In Fergus’ case, it literally feels like he has to make sure this door stays shut in order for the next door in his life to open. Or something like that. Even more of an argument to start the series at the beginning and not here.

The thing that Fergus has found, the thing that kicks off this story, is a door. Or rather, while he’s searching for a flock of lost sheep in Scotland, he finds a tiny piece of a very big door that wants him to find all the other pieces and put its puzzle back together so that it can open and let in creatures that sound like space locusts.

In other words, a very bad idea. But the pieces of this door were scattered over the Earth a decade ago. That’s more than enough time for multiple groups and theories to chase after them in the hopes of uncovering their secret. And, humans being human, the theories that these human groups have are all about mastering this alien technology and conquering the planet. Or someone else’s planet. Or both.

Well, they’re half right. Or, as one of the aliens puts it, “like all such things, there are those who covet the fire and do not understand that it burns.” And isn’t that humanity in a nutshell?

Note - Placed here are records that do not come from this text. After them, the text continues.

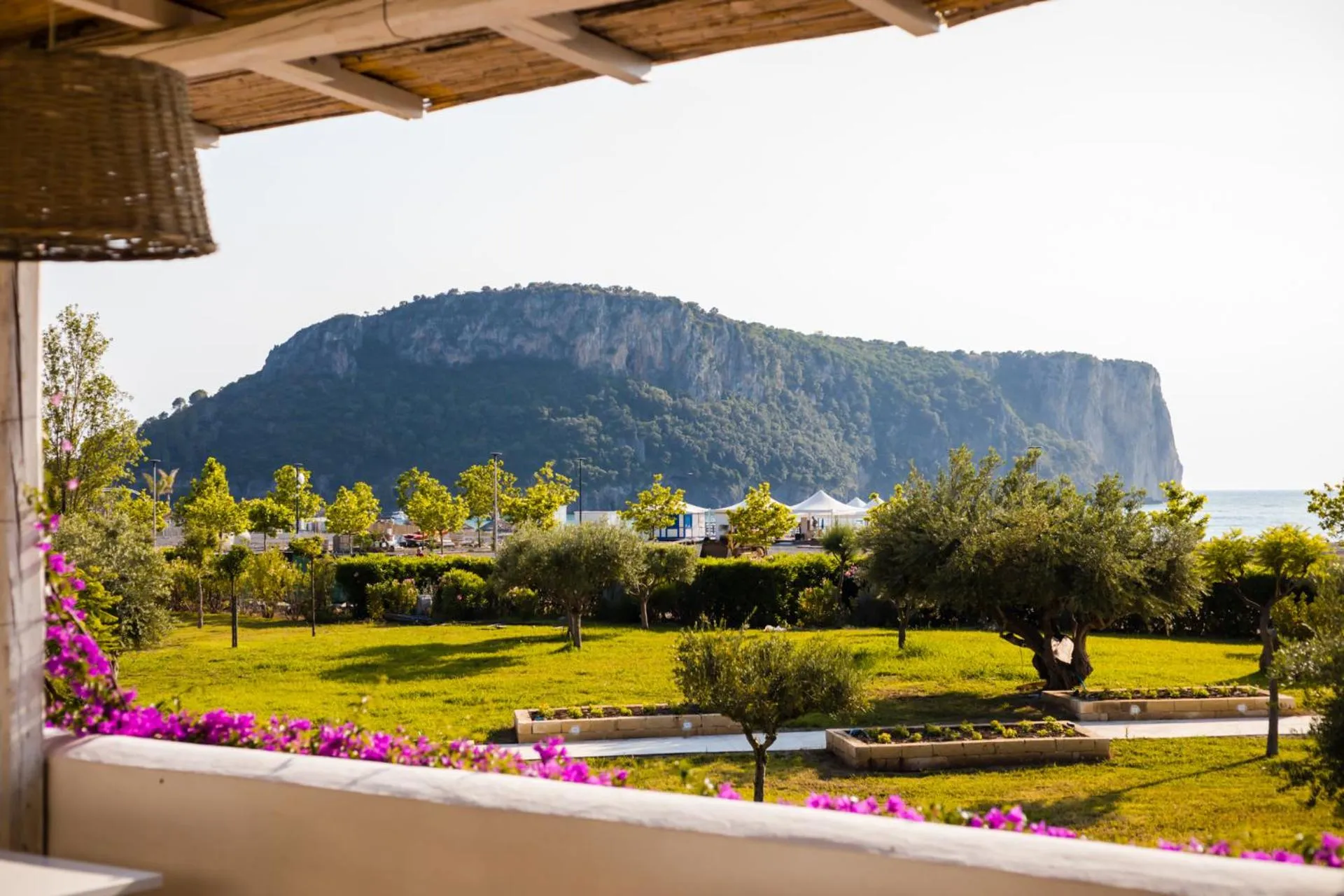 Natural landscape in TH Praia - Borgo di Fiuzzi Resort & SPA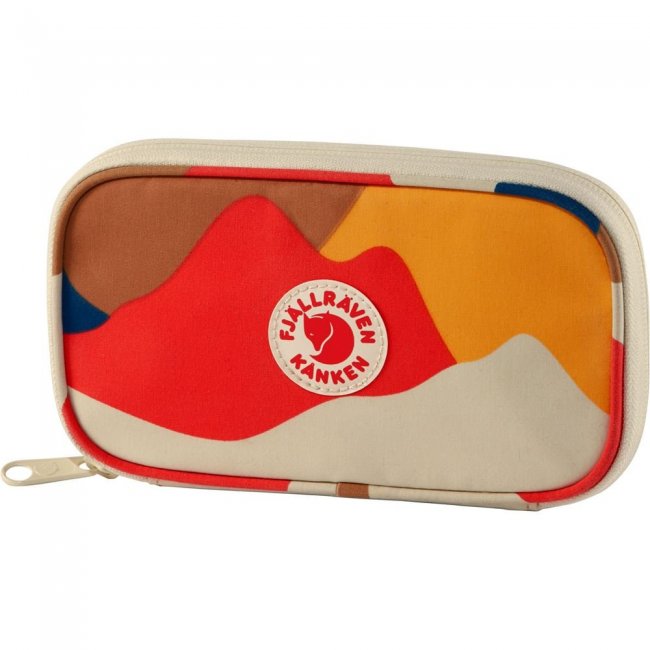Kanken Art Travel Wallet - Spring Landscape Kanken Art Travel Wallet - Spring Landscape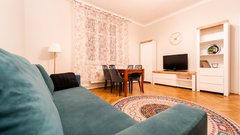 Mieszkanie  59m², Kraków Stare Miasto, Stare Miasto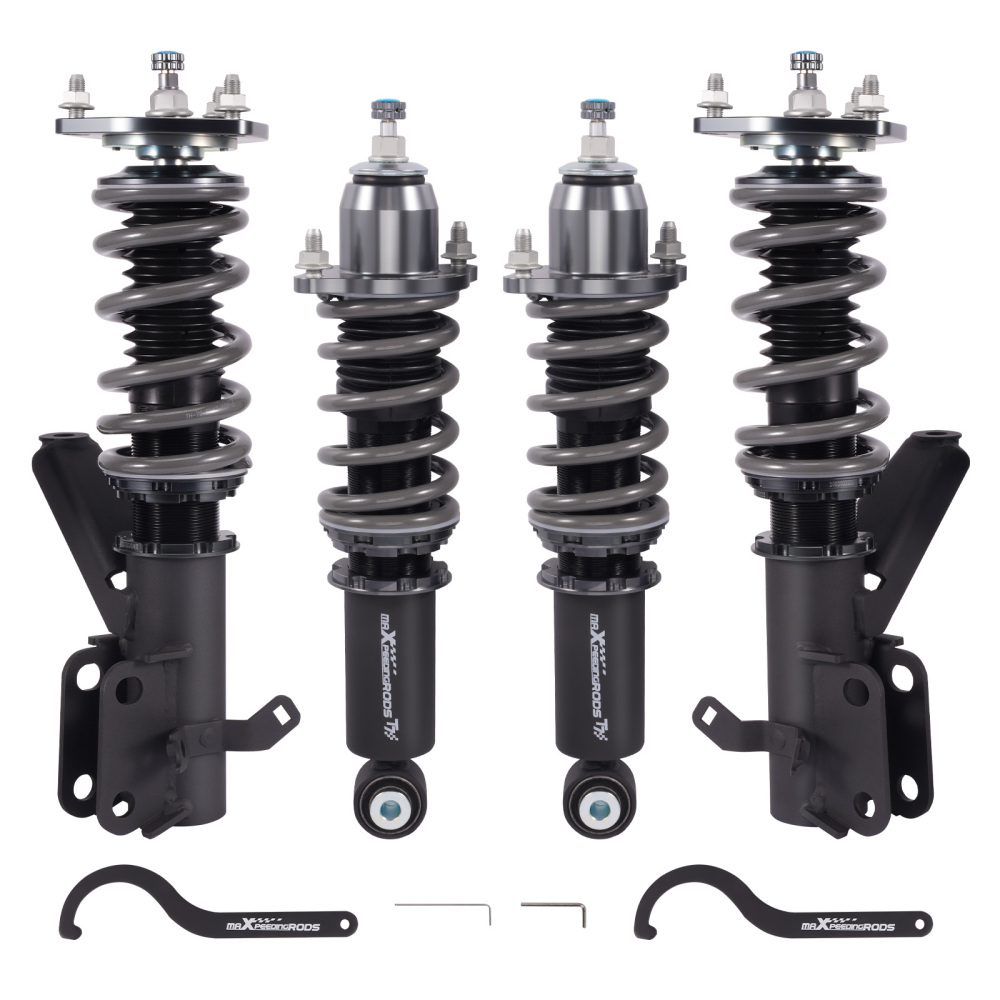 MaXpeedingrods T7 Coilovers 24 Way Damper For ACURA RSX TYPE S BASE DC5 02-06 Lowering Kit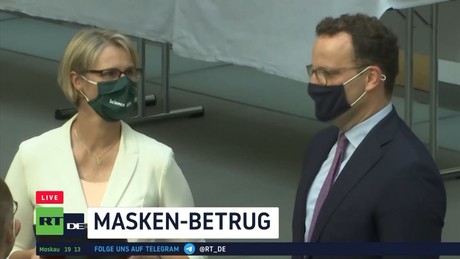 Masken, Macht, Milliarden: Ex-Minister Spahn durch Sonderbericht schwer belastet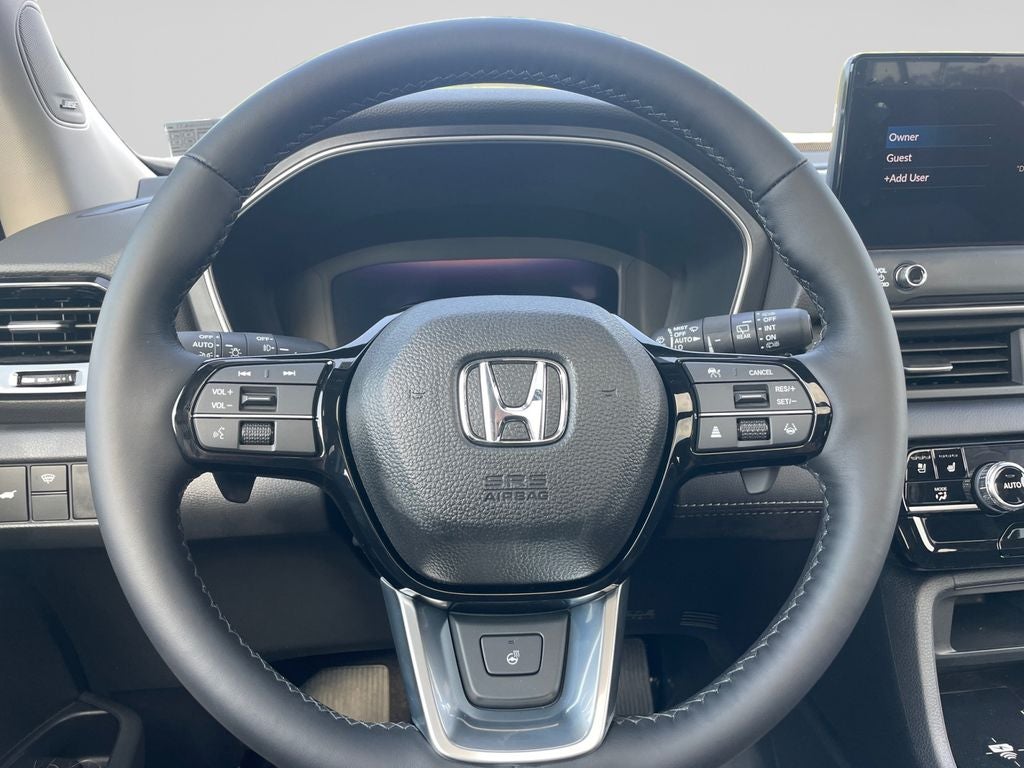 2026 Honda Pilot Elite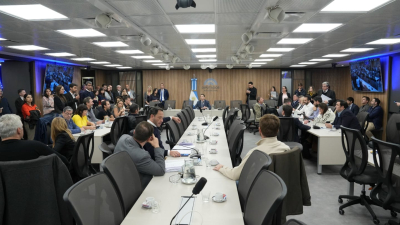 Caso $Libra: la oposición propone una reforma para activar la comisión investigadora en Diputados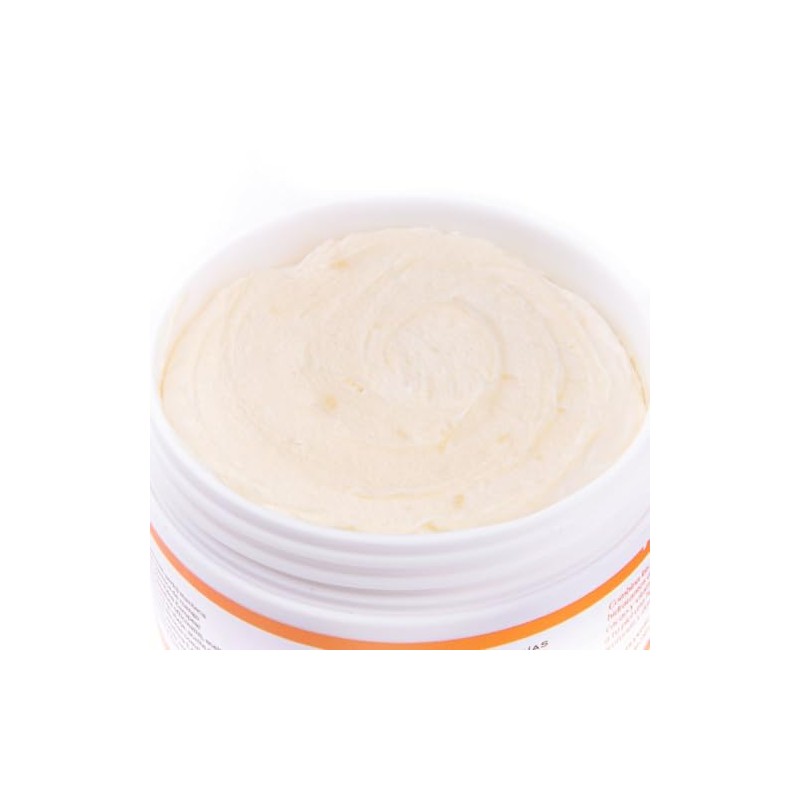 ALMOND CARE - Manteca corporal antiestrías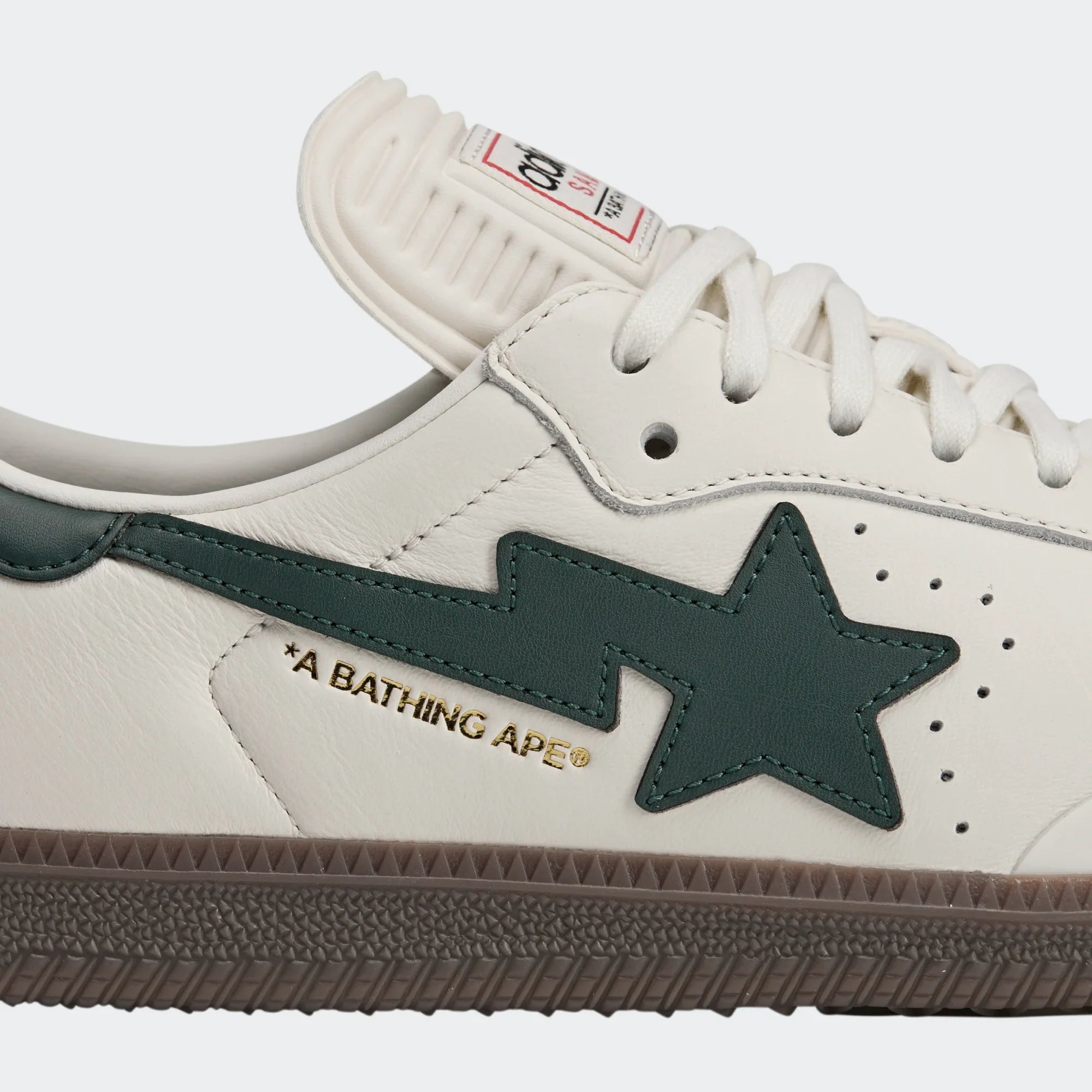 adidas x BAPE Samba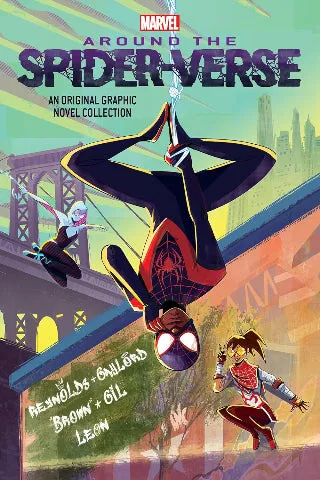 Around the Spider-Verse, Graphic Novel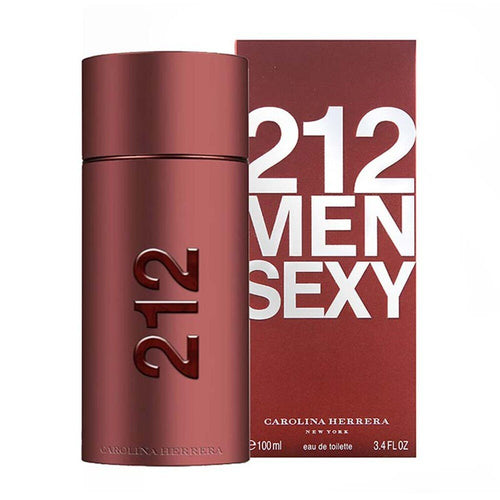 212 Sexy Men Carolina Herrera EDT 100ML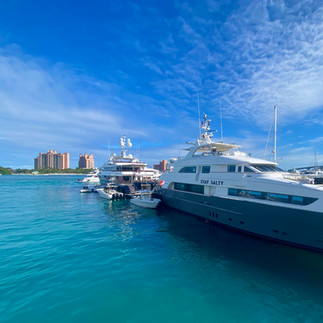 Bahamas Charter Yachts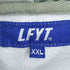 ラファイエット Lafayette ALLOVER PATTERN Lafayette LOGO HOODIE メンズ import:XXL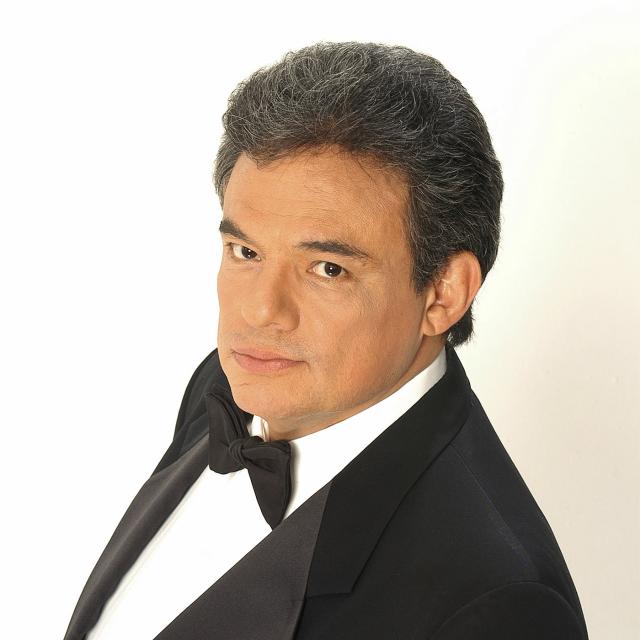 José José, uno de los más grandes intérpretes de México | Prensa INBA - Instituto Nacional de Bellas Artes | Música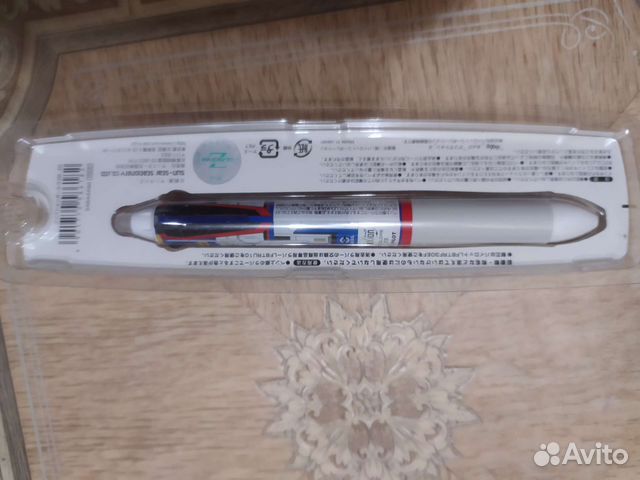 Трехцветная ручка Япония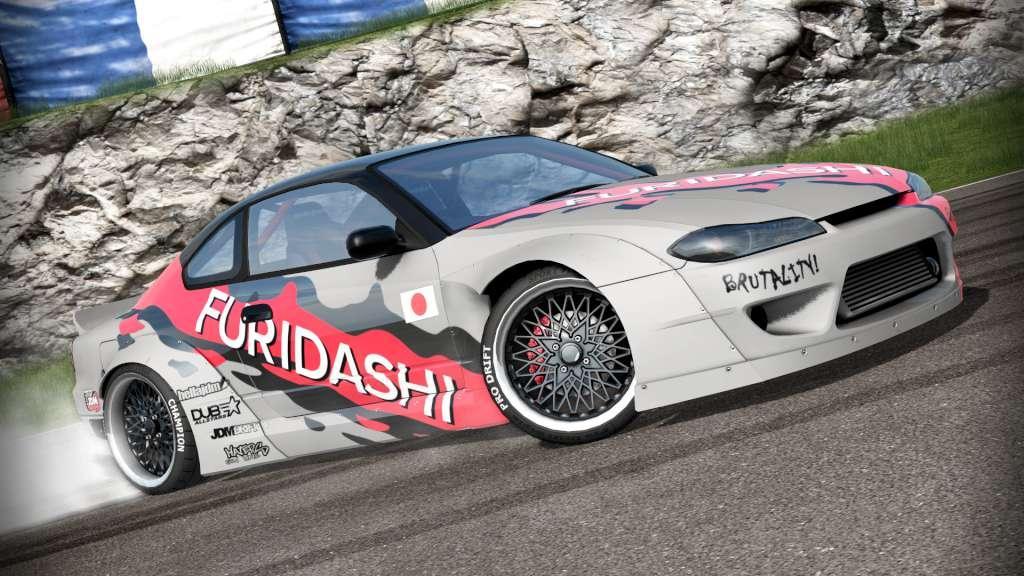 FURIDASHI: Drift Cyber Sport ستيم كود رقمي
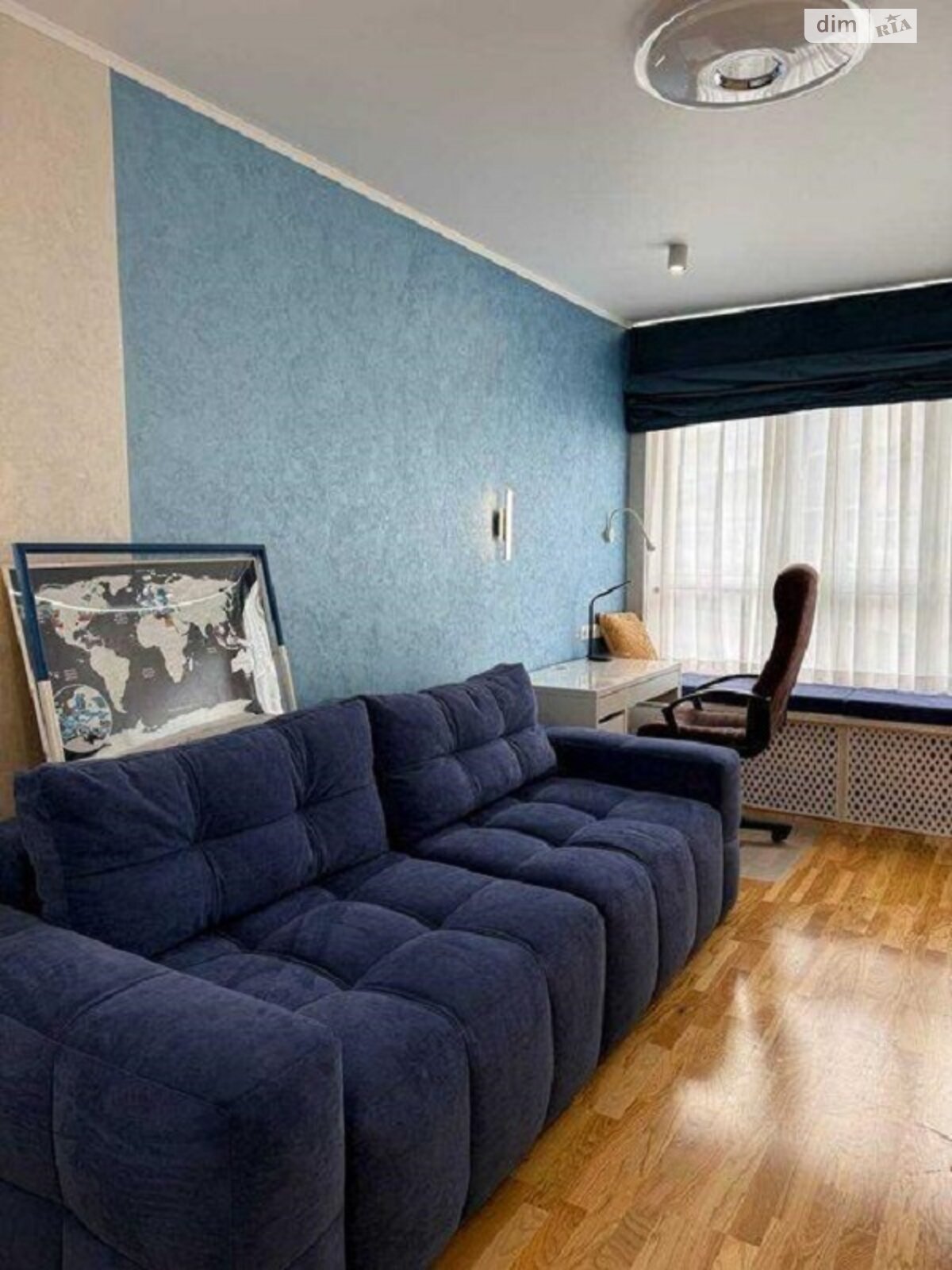 Продаж трикімнатної квартири в Києві, на вул. Митрополита Василя Липківського 33А, район Солом'янка фото 1 Продаж трикімнатної квартири в Києві, на вул. Митрополита Василя Липківського 33А, район Солом'янка фото 1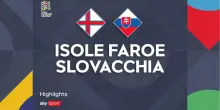 Isole Faroe-Slovacchia 1-1: gol e highlights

But as high and desperate as the stakes are, what makes this series so much fun, and it is generally a lot of fun, are the characters. It’s not just Fergus and his universe-weary perspective, but also Isla, his previously unknown baby sister, who wants to learn about this brother she’s never met but already knows just how to take the mickey out of him at every turn. It’s all Fergus’ friends on Mars and Luna.

My favorite characters, and the ones who made me chuckle the most, were Ignatio and Whiro, an alien and a self-aware ship, because their running commentary on what Fergus is doing, how far off base he’s getting, how often he’s getting visited by Murphy’s Law, how much he’s flying by the seat of his pants and how desperate the stakes are, are always pointedly funny and provide a fascinating outside perspective on the best and worst of humanity – who happens to be Fergus Ferguson.

So this is an out-of-the-frying-pan into the lava-filled volcano story that rides on the semi-controlled insanity of its protagonist and the circle of amazing people that have been drawn into his chaotic orbit.

This could be the end of Fergus’ adventures – if not the end of Fergus himself. I’ll be very sad if it is, because I’ll miss him and his merry band of crazed adventurers, including his cranky cat Mister Feefs, rather a lot. So I hope the author finds a way to bring him back.